● Data:
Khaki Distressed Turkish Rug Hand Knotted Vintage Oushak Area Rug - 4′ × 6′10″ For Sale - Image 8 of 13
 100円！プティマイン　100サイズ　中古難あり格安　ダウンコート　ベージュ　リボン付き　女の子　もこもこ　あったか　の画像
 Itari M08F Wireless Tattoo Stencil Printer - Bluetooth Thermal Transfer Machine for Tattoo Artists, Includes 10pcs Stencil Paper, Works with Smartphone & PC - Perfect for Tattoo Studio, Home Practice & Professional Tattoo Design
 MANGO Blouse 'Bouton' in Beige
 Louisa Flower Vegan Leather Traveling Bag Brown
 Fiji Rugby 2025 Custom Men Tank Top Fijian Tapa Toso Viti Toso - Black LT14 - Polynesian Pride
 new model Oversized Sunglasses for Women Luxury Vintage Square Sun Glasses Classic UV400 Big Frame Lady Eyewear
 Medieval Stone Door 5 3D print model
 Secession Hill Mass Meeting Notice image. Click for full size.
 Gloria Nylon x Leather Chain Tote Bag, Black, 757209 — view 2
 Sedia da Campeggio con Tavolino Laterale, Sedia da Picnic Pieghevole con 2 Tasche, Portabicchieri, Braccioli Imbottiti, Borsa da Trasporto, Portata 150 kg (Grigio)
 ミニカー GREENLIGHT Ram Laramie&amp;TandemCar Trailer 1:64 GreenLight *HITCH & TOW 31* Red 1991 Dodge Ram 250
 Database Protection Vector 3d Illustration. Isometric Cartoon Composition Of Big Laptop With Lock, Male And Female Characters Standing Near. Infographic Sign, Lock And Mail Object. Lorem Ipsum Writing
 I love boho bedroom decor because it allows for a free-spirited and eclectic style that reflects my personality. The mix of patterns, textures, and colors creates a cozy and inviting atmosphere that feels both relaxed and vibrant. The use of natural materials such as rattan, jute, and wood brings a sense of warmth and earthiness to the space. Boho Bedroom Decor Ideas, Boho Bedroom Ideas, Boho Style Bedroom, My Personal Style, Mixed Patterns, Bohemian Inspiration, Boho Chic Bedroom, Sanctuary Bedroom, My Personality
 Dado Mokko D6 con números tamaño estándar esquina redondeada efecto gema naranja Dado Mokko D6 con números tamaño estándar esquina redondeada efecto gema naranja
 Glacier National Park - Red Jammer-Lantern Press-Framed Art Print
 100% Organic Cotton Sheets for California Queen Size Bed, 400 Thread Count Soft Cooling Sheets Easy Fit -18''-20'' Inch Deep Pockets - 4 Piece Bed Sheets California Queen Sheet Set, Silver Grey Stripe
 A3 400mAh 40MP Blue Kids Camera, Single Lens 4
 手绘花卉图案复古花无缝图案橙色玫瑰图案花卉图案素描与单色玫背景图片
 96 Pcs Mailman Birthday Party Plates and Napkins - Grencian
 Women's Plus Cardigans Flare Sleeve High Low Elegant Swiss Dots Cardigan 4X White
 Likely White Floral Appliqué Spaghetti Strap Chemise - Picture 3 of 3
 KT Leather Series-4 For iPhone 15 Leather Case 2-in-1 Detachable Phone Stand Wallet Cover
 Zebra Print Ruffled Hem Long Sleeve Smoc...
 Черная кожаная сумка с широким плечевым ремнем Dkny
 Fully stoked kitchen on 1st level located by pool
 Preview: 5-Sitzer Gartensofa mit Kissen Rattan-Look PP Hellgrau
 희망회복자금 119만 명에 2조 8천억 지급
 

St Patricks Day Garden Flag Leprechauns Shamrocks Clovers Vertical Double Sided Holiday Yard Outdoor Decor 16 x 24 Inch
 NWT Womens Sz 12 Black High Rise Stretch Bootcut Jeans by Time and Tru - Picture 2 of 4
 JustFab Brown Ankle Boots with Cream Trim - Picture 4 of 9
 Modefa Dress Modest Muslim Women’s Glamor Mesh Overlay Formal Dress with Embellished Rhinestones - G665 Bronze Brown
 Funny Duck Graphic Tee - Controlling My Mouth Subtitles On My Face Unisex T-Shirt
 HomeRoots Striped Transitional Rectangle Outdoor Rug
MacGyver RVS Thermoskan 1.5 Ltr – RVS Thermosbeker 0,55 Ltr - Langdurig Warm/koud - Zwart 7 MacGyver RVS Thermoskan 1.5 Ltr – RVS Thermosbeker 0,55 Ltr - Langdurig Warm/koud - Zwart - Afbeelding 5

● Brief: Every line of the material that holds "Brown" should be copied out as the answer.

● Exercise output:
 Louisa Flower Vegan Leather Traveling Bag Brown
 JustFab Brown Ankle Boots with Cream Trim - Picture 4 of 9
 Modefa Dress Modest Muslim Women’s Glamor Mesh Overlay Formal Dress with Embellished Rhinestones - G665 Bronze Brown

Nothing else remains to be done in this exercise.